## [WHAT YOU SHOULD DO]
Since the pictures are not wanted, retype the listing below exactly and without them.

※ ※ ※

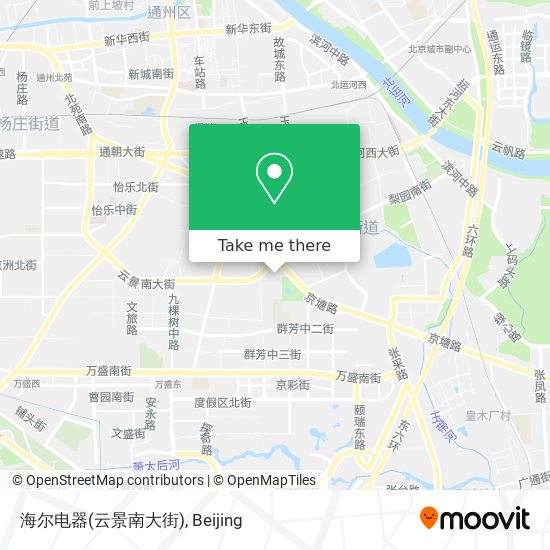 海尔电器(云景南大街) map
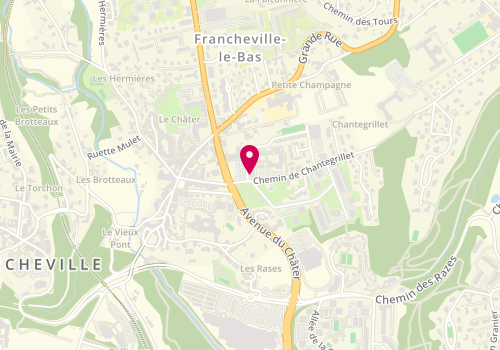Plan de Caisse d'Epargne Francheville, 49 avenue du Chater, 69340 Francheville
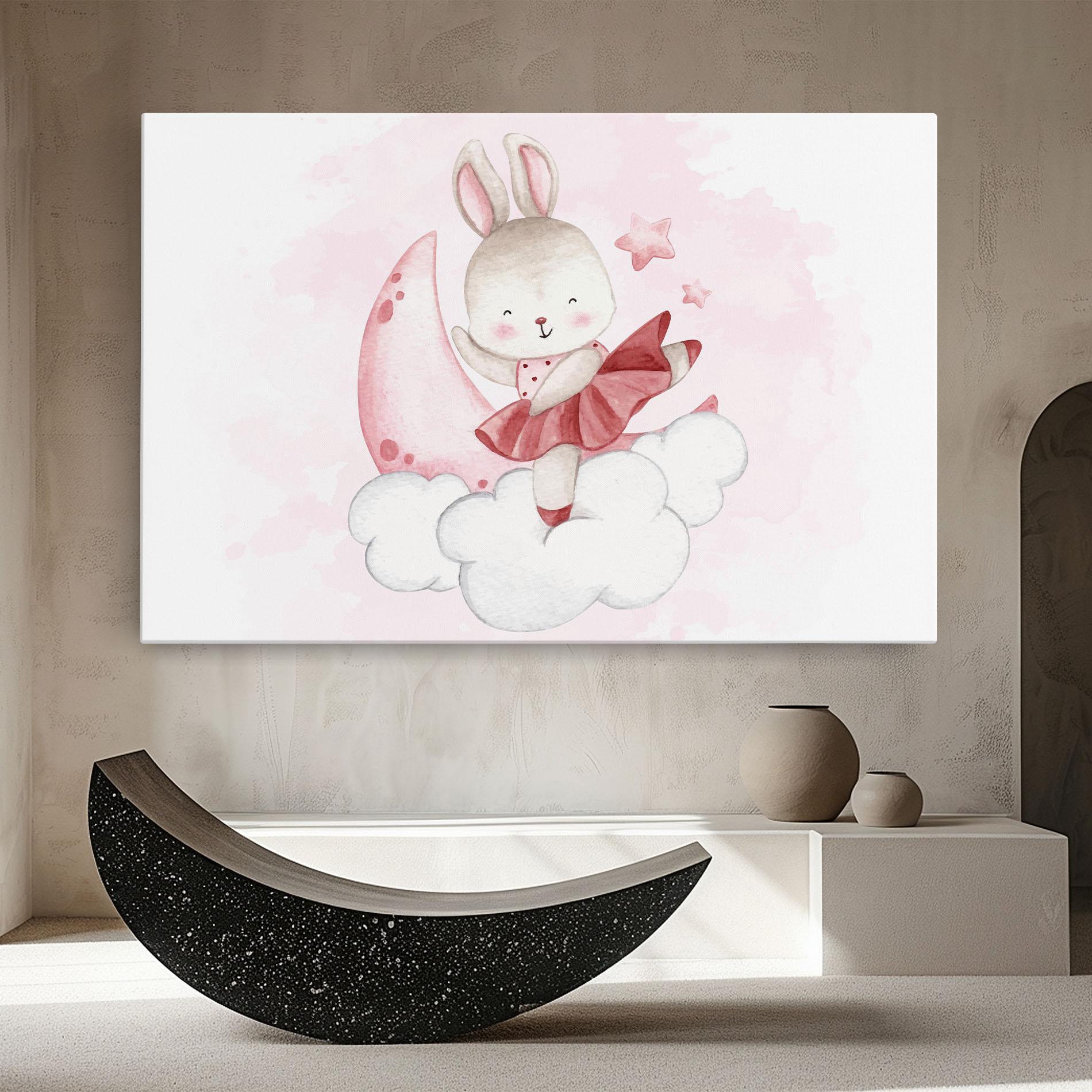 Leinwandbild Ballerina Rabbit mockup 8
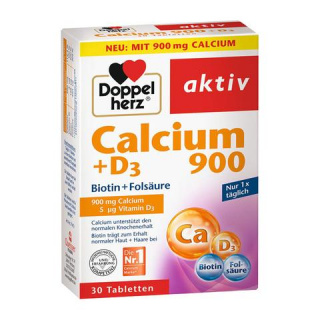 Doppelherz Calcium 900 + D3 30stk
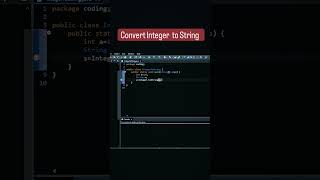 How to Convert integer  to String in java? #coding #java #javacoding #programming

※ ※ ※

## [RESULT]
 海尔电器(云景南大街) map
Plan de Caisse d'Epargne Francheville, 49 avenue du Chater, 69340 Francheville
 Leinwandbild Ballerina Rabbit mockup 8
 Doppelherz Calcium 900 + D3 30stk
 How to Convert integer  to String in java? #coding #java #javacoding #programming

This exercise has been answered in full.